Build your own agent

from edgevox.agents import AgentContext, GoalHandle, ToyWorld, skill
from edgevox.examples.agents.framework import AgentApp
from edgevox.llm import tool


@tool
def set_light(room: str, on: bool, ctx: AgentContext) -> str:
    """Turn a room's light on or off.

    Args:
        room: the room name, e.g. "kitchen".
        on: true to turn on, false to turn off.
    """
    ctx.deps.apply_action("set_light", room=room, on=on)
    return f"{room} light is now {'on' if on else 'off'}"
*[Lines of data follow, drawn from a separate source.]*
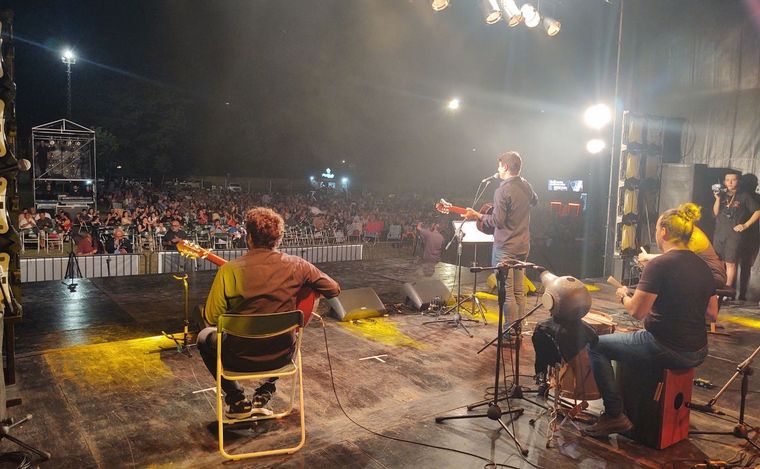 Primera noche a pleno en el Festival Provincial de Nuestro Canto en Moussy.
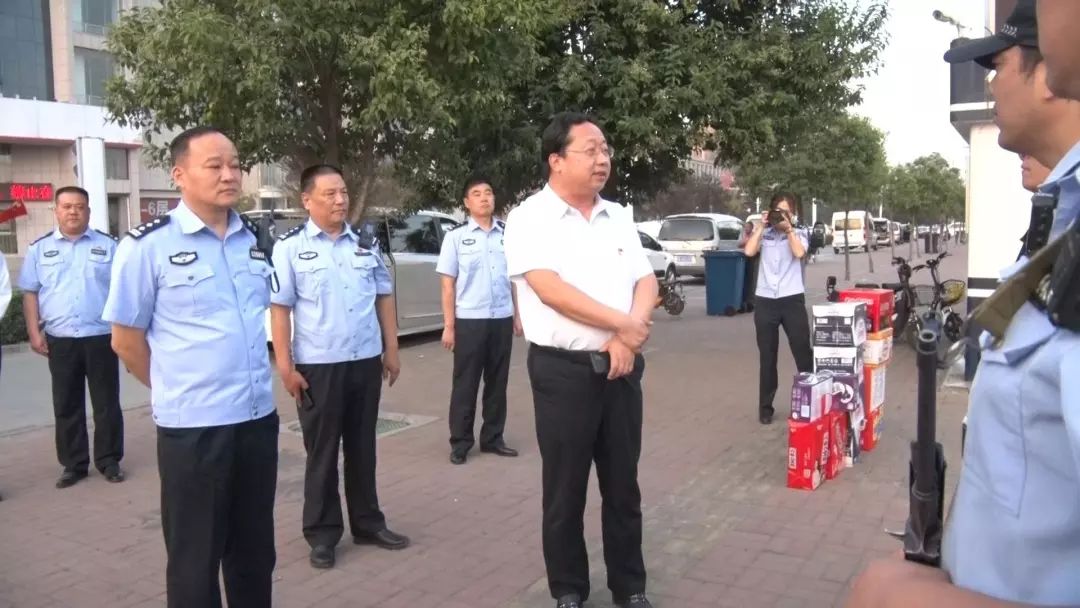 迎国庆获嘉县领导王永记刘军伟聂向中慰问一线公安干警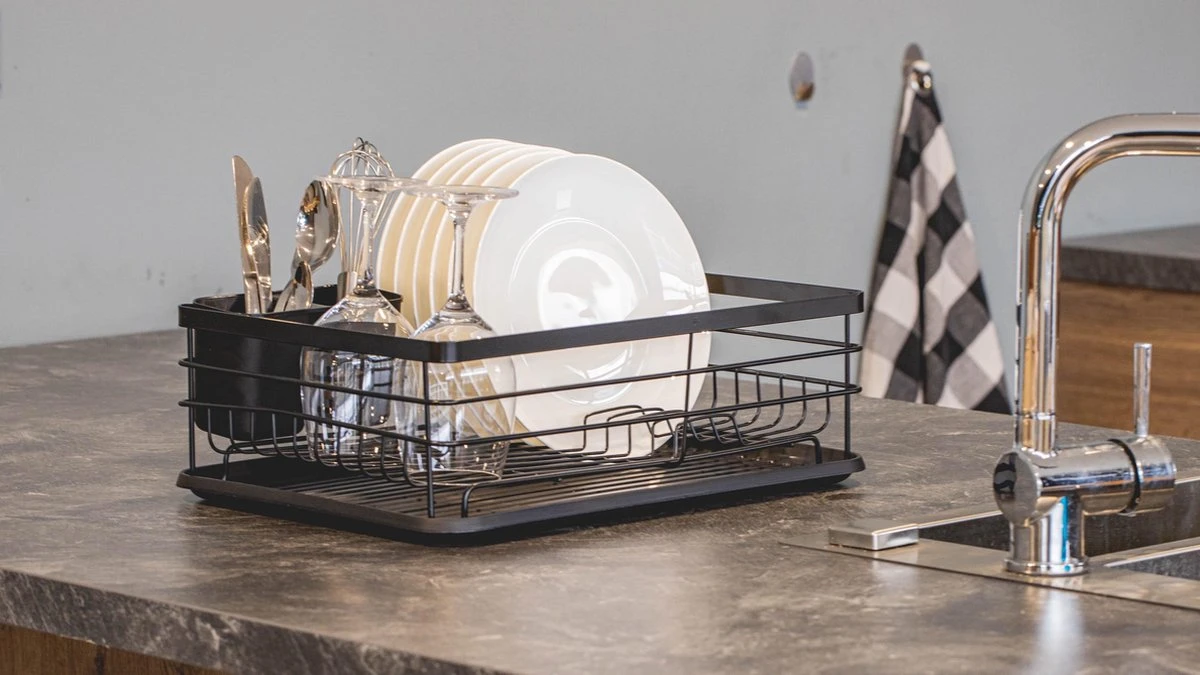 Sareva Afdruiprek - met plateau - Zwart Sareva Afdruiprek - Met Plateau - Zwart -bol winkel 1200x675 2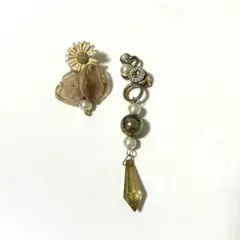 ハンドメイド イヤリング イヤーカフ ビジュー 花 ベージュ カーキ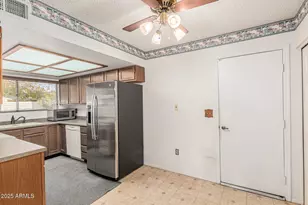 2539 W Pershing Ave, Phoenix, AZ 85029 - Photo 9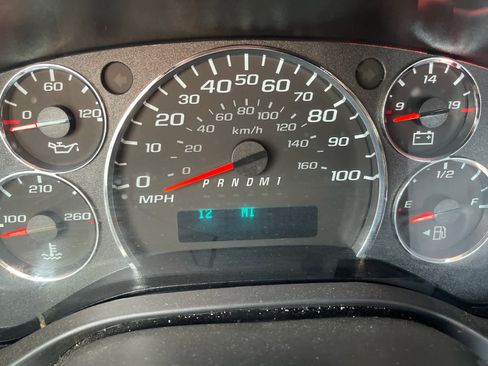 Used 2024 Chevrolet Express 2500 w/ Driver Convenience Package image 11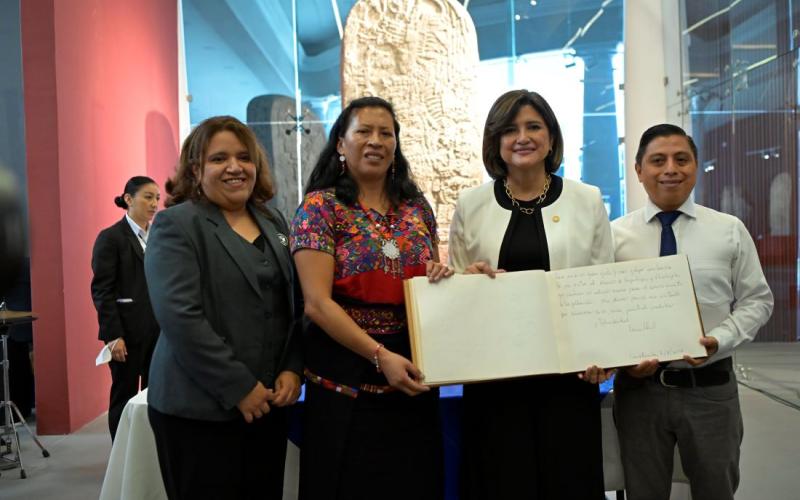 En el evento, junto a la vicepresidenta Karin Herrera, estuvo la ministra de Trabajo y Previsión Social, Miriam Roquel.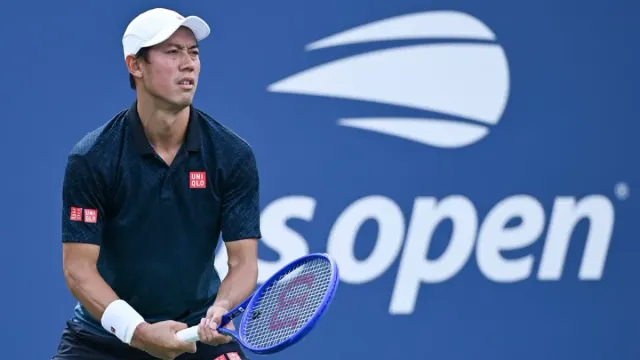 Beyaz şapkalı ve lacivert tişörtlü Kei Nishikori, ABD Açık’ta raketiyle rakibini beklerken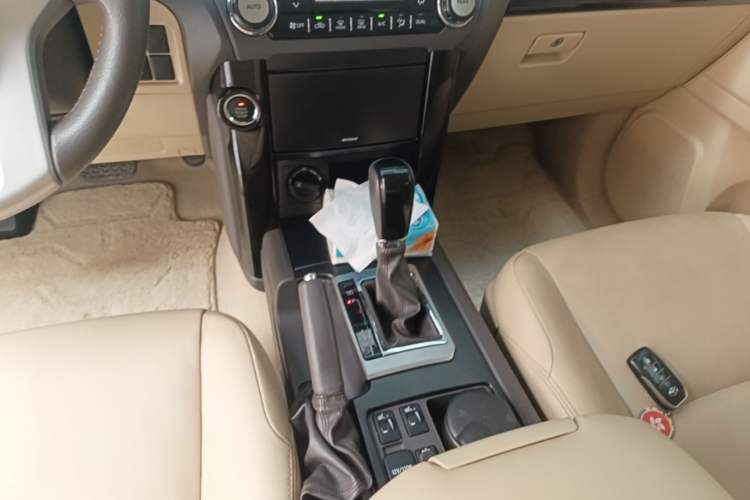 Used Toyota Prado 2016 2.7L Automatic Luxury Edition Gear Lever
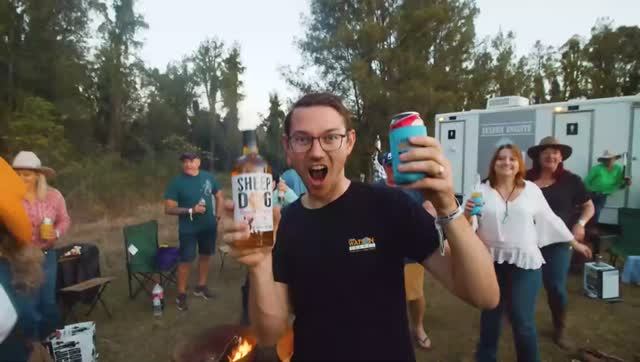 Casey Barnes - NEVER GIVE UP ON A GOOD TIME смотреть онлайн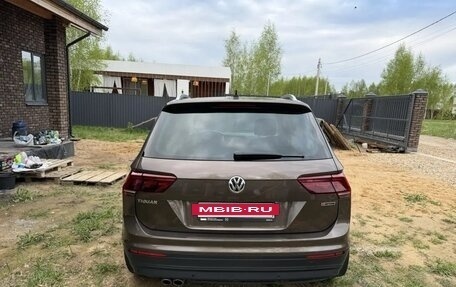 Volkswagen Tiguan II, 2018 год, 2 390 000 рублей, 11 фотография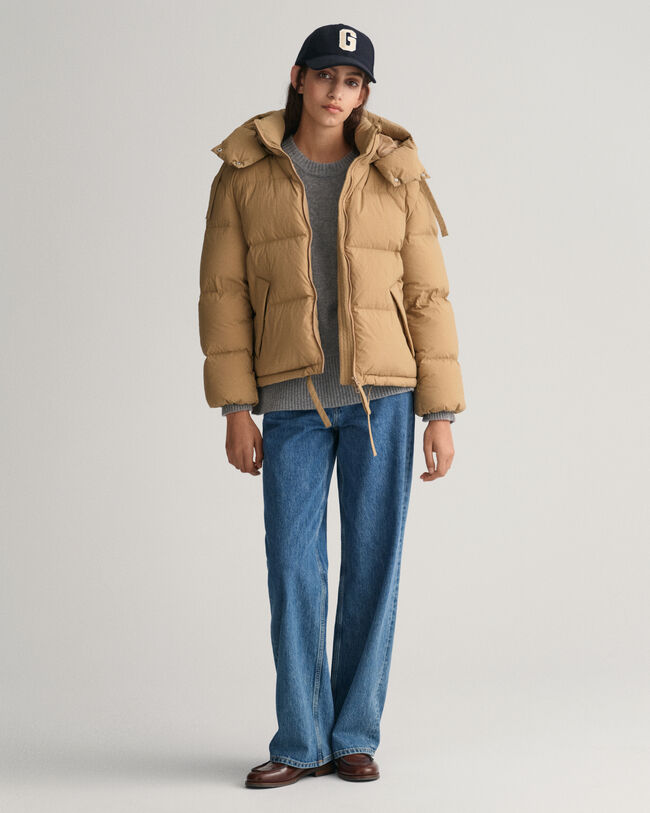 Lyhyt kevytuntuvatakki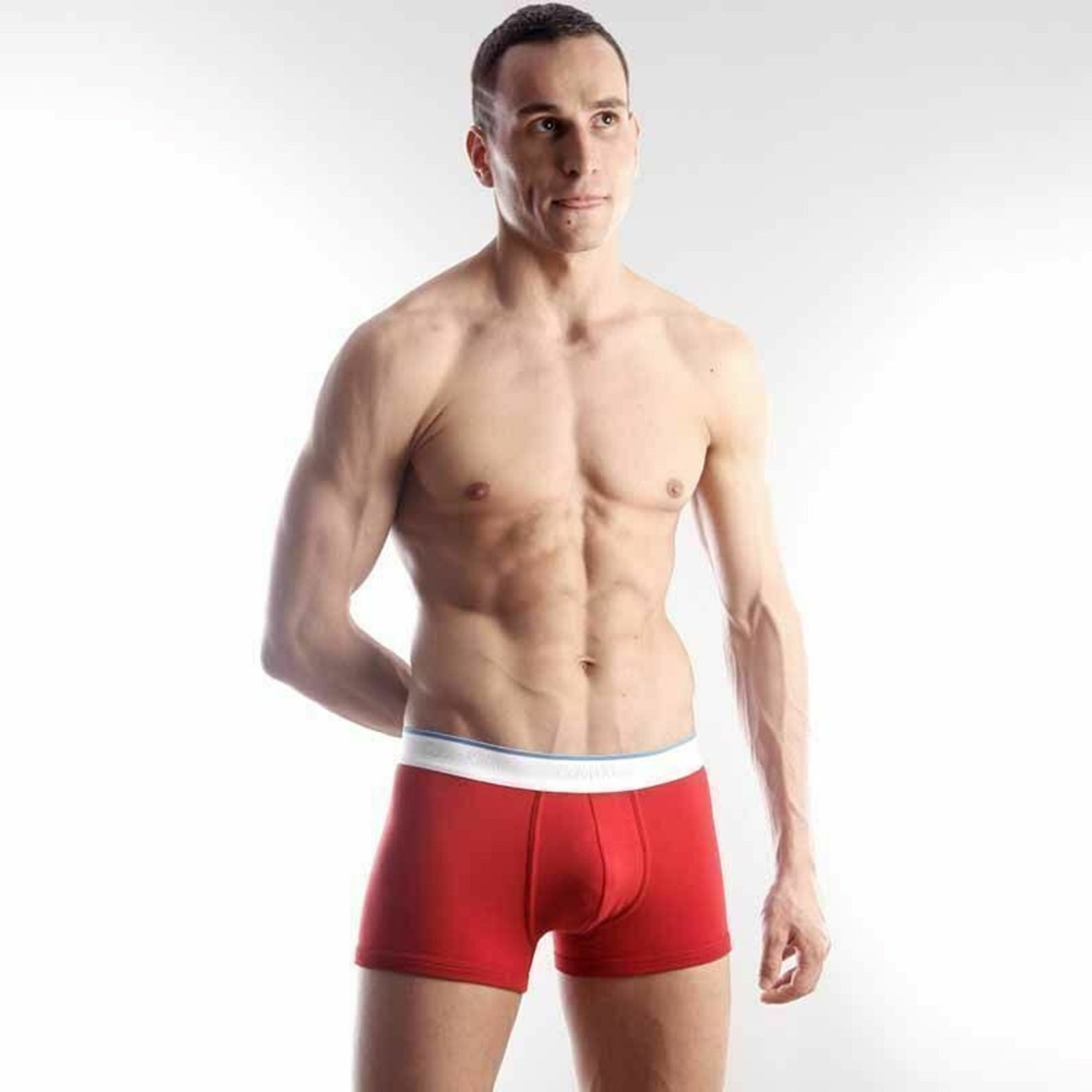  Мужские трусы боксеры Calvin Klein Tech Cool Cotton Red с синей окантовкой фото 1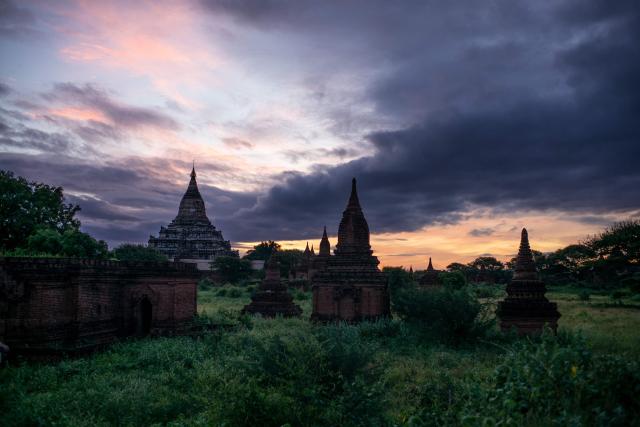 Bagan - adept na najkrajšiu pamiatku sveta -východ slnka. Fotog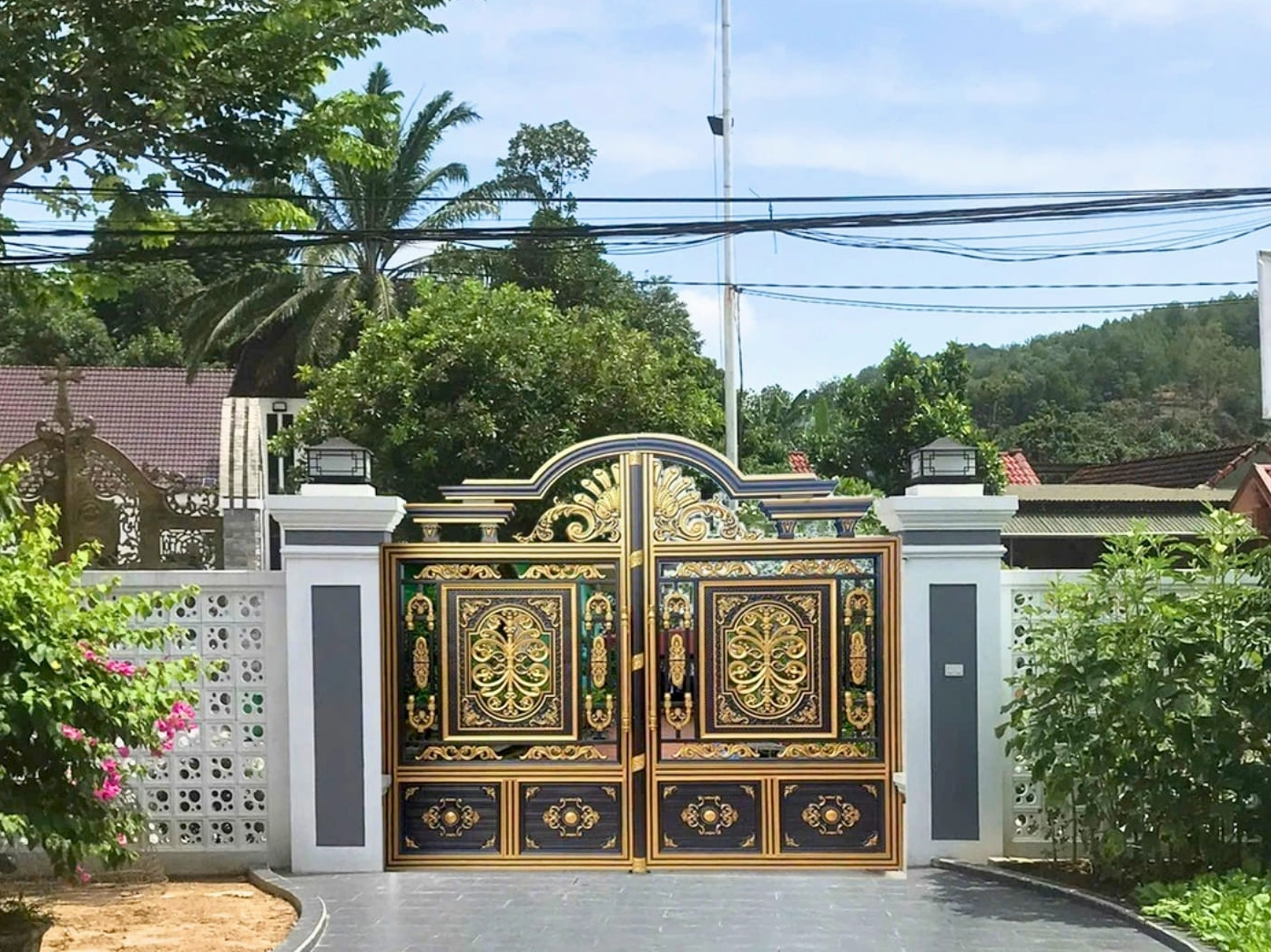 Cổng nhà vườn bằng sắt mỹ thuật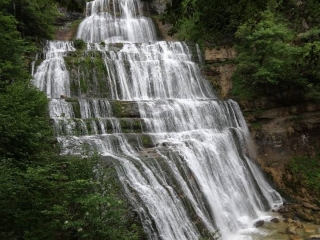 LE HERISSON ET SES CASCADES-jura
@skill(latency_class="slow", timeout_s=30.0)
def navigate_to(room: str, ctx: AgentContext) -> GoalHandle:
    """Drive the robot to a named room.

    Args:
        room: target room, e.g. "kitchen", "bedroom".
    """
    return ctx.deps.apply_action("navigate_to", room=room)


AgentApp(
    name="Scout",
    instructions="You are Scout, a terse home robot. Confirm what you did in one sentence.",
    tools=[set_light],
    skills=[navigate_to],
    deps=ToyWorld(),
    stop_words=("stop", "halt", "freeze"),
).run()

Launch with python my_agent.py --text-mode and you have a voice-controllable robot running on a stdlib-only reference sim. Swap ToyWorld() for IrSimEnvironment() and a matplotlib window opens. Full guide: docs/documentation/agents.md.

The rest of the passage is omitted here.